Hungary’s Politics of Hate

While journalists flocked to cover the chaos at Budapest’s Keleti Station and thousands of refugees marched on foot along the M1 motorway toward the Austrian border, Viktor Orban, the prime minister of Hungary, was watching the Hungary-Romania soccer match from his V.I.P. box in the Budapest football stadium.

Before the kickoff, Hungarian and Romanian “ultras” shouted Nazi slogans and fought one another at the stadium, after having warmed up by harassing, insulting and beating up hundreds of hopelessly exhausted refugees, who, in their panic, had mistaken the noise of fireworks for gunshots.

Mr. Orban, who recently built a $20 million dollar soccer stadium next door to his summer cottage — with seats for 4,000 people in a village with fewer than 2,000 inhabitants — had cut short a meeting with foreign leaders in Prague in order to get back to Budapest in time for the match. His behavior recalled the habit of Nicolae Ceausescu, the one-time Romanian Communist dictator, who never allowed social unrest to disturb his favorite pastime.
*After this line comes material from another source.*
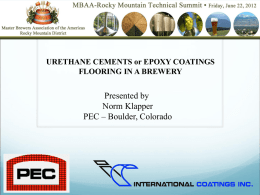 URETHANE CEMENTS or EPOXY COATINGS FLOORING IN A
Hungary’s Politics of HateWhat is happening in Hungary is not just about the global refugee crisis and its consequences for Europe. It is also the beginning of the 2018 Hungarian election campaign. And it provides a cautionary tale about what could happen in Europe, and not only in Europe, when radical, nationalist populists take over the state.
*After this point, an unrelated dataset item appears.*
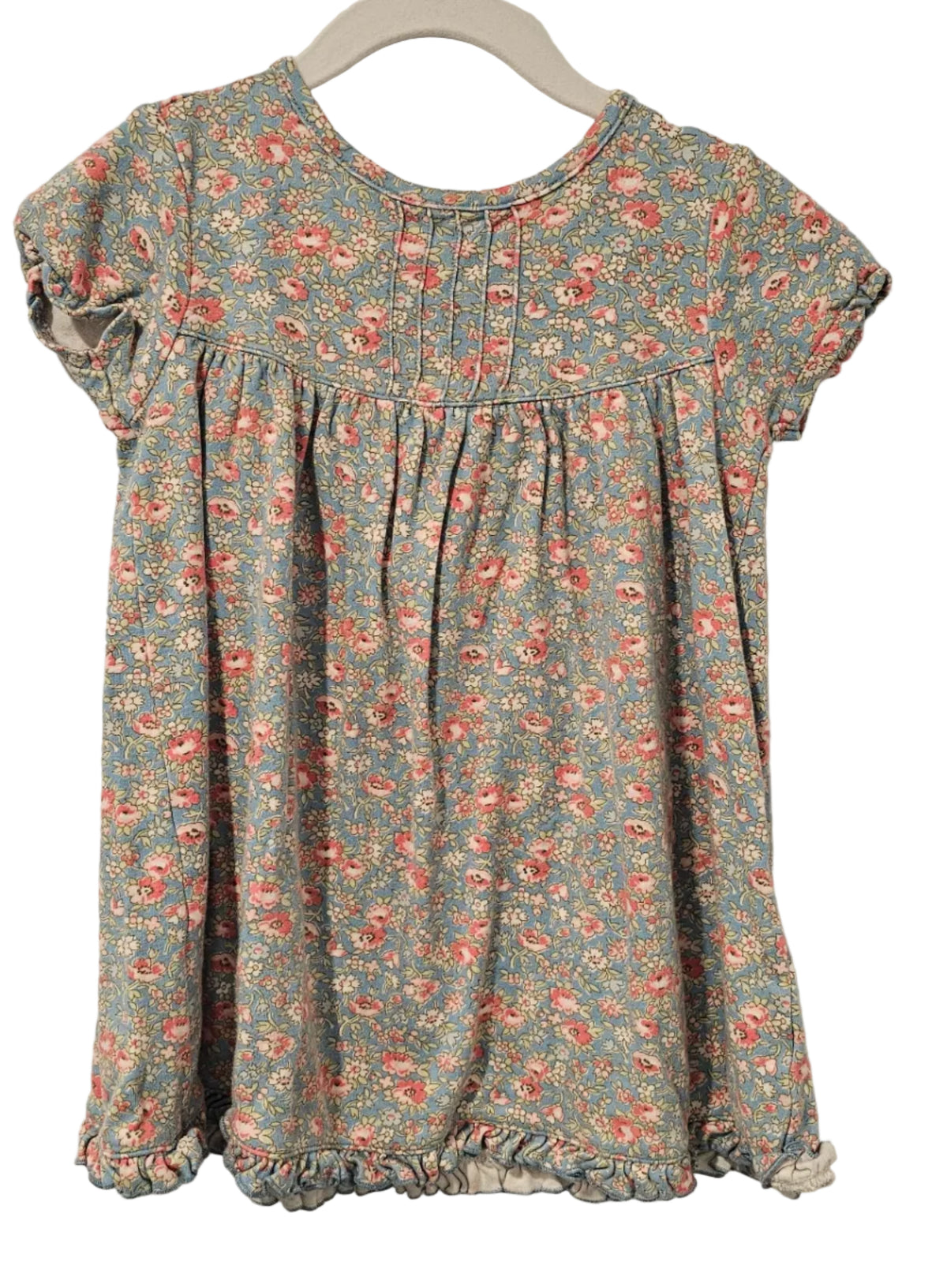 Gymboree short-sleeve toddler dress with small pink and cream floral print, gathered skirt and ruffled hem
Mr. Orban recently announced in the Frankfurter Allgemeine Zeitung that his aim is “to keep Europe Christian.” He began his xenophobic campaign eight months ago in Paris after the Charlie Hebdo massacre. He chose the massive demonstration in Paris on Jan. 11 as the most appropriate occasion to announce the need to stop the influx of non-Christian migrants to Europe.

For him the massacre demonstrated that migration inevitably leads to terror — despite the fact that the killers were not recent immigrants but long-settled French citizens. He insists that European political correctness and decadent moral relativism make it impossible to address this threat.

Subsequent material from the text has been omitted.